To Space, and Back to Earth
Knowing the market for spacecraft might not be as abundant as more down-to-earth applications, UTC Power began looking for terrestrial uses. By 1969 it was developing fuel cells for marine applications and in 1976 it conducted a pilot project with Northeast Utilities, connecting a 1-megawatt fuel cell to the power grid.
Work at the South Windsor plant now involves the creation of fuel cells for buildings and vehicles. The South Windsor facility also is home to the only hydrogen vehicle refueling station in New England – a nondescript gas pump that is used to fuel four public transit buses that service the Hartford area. The hydrogen for the plant is extracted by electrolysis using hydroelectric power in Canada and is then trucked to Connecticut. The hydrogen is chilled with giant refrigeration modules to increase the density of storage in the outdoor tanks.
During a visit in June, workers were busy assembling large-scale fuel cells used to generate electricity in commercial buildings. Workers ground the devices during production because once the fuel cell’s panels are stacked, they generate small amounts of electricity from hydrogen and oxygen in the air.

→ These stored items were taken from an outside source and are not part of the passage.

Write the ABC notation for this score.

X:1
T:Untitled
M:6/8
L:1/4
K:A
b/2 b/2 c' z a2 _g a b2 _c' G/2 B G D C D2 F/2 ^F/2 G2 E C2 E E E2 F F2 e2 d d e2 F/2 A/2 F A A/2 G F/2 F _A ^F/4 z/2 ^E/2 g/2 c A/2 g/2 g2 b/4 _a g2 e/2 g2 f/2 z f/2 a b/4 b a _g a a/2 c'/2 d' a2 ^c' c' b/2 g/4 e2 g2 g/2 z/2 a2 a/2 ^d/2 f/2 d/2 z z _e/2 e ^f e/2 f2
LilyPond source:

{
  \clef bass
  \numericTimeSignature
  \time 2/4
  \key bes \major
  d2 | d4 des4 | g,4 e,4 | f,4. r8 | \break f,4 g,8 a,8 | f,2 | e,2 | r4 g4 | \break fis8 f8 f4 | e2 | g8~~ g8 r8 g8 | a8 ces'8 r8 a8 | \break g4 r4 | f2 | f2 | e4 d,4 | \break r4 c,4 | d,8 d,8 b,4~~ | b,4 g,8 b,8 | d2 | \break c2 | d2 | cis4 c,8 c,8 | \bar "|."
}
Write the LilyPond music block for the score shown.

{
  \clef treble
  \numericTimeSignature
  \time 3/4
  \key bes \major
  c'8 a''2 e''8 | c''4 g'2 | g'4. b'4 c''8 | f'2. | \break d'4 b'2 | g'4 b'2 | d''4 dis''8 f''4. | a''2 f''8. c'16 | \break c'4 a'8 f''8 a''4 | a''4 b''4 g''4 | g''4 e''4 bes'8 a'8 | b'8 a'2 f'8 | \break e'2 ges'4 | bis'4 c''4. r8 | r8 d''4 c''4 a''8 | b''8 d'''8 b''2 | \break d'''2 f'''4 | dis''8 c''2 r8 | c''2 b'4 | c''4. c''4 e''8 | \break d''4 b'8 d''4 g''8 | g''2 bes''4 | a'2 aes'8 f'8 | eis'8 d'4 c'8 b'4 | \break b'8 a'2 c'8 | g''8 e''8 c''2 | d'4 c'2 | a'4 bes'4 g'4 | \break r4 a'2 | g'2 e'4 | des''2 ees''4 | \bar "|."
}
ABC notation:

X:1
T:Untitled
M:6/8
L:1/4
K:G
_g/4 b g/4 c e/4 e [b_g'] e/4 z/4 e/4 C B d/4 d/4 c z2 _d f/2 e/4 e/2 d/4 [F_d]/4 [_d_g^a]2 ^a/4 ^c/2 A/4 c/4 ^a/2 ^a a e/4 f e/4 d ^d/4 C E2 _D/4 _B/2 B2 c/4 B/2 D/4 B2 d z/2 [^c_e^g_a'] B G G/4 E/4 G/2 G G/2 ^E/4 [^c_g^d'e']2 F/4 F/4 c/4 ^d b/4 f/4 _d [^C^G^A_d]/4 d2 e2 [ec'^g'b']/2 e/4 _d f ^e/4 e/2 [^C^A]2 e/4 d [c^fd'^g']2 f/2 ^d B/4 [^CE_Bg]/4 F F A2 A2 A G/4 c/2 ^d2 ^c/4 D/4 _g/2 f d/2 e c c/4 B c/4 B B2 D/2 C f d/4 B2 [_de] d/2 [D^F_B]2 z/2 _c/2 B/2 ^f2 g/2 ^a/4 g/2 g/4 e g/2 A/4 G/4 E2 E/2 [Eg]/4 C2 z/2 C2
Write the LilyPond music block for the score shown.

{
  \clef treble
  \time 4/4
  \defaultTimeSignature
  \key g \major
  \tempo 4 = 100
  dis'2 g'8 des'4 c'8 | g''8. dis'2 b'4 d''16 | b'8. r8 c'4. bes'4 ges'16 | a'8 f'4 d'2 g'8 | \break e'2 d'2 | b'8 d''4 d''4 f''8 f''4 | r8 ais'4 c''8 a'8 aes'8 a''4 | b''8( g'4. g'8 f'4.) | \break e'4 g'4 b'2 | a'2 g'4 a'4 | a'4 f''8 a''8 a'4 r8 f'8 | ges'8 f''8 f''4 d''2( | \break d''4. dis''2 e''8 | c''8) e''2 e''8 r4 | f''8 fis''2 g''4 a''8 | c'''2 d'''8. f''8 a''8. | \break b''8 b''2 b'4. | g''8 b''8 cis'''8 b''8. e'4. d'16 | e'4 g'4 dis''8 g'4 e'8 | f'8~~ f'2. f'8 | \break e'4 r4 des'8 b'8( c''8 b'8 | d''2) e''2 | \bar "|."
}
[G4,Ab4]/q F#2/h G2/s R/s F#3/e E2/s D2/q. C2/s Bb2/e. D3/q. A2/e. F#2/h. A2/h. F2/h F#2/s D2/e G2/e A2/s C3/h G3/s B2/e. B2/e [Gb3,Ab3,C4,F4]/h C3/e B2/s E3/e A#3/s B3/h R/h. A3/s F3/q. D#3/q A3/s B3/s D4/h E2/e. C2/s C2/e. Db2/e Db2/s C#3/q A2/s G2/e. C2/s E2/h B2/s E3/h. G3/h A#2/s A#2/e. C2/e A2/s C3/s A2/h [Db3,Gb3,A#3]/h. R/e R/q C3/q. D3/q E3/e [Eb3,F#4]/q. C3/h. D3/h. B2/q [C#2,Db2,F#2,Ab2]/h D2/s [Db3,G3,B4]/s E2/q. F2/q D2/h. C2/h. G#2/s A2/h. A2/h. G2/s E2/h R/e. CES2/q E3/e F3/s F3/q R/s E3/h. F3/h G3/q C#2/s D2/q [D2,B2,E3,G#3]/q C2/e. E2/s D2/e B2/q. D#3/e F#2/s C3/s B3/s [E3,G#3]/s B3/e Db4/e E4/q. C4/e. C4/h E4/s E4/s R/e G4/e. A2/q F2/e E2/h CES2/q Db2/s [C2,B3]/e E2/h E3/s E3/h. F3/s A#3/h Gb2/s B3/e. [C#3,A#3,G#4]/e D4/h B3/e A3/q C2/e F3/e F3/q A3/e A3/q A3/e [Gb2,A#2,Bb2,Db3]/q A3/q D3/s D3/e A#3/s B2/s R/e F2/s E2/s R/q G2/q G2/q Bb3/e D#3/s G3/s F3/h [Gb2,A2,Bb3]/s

UTC Power has delivered roughly 300 of the commercial units to date, which generate power by extracting hydrogen from natural gas. Like their spacecraft counterparts, the commercial units also generate heat and water that can be utilized without an additional electric or fossil fuel cost. The company says that if the heat from the units is used in an application, they are 90 percent efficient.
What’s Next
UTC Power currently has no new NASA business in the pipeline. The International Space Station is powered by solar panels and NASA’s newly announced Multipurpose Crew Module for long duration flights also will utilize solar technology. But Brown believes that future plans for deep space exploration will make use of fuel cells.
“We’re hopeful that in the future fuel cells will be an integral piece of any long duration occupation of planets or the moon. But those are still quite a number of years off,” Brown said, “If we ever had to do anything on the moon, fuel cells would be the choice.”
But for now the company formed to help the nation respond to a major technological challenge in the 1960s is now using that same technology to tackle a very modern one: finding domestic sources for clean and inexpensive energy.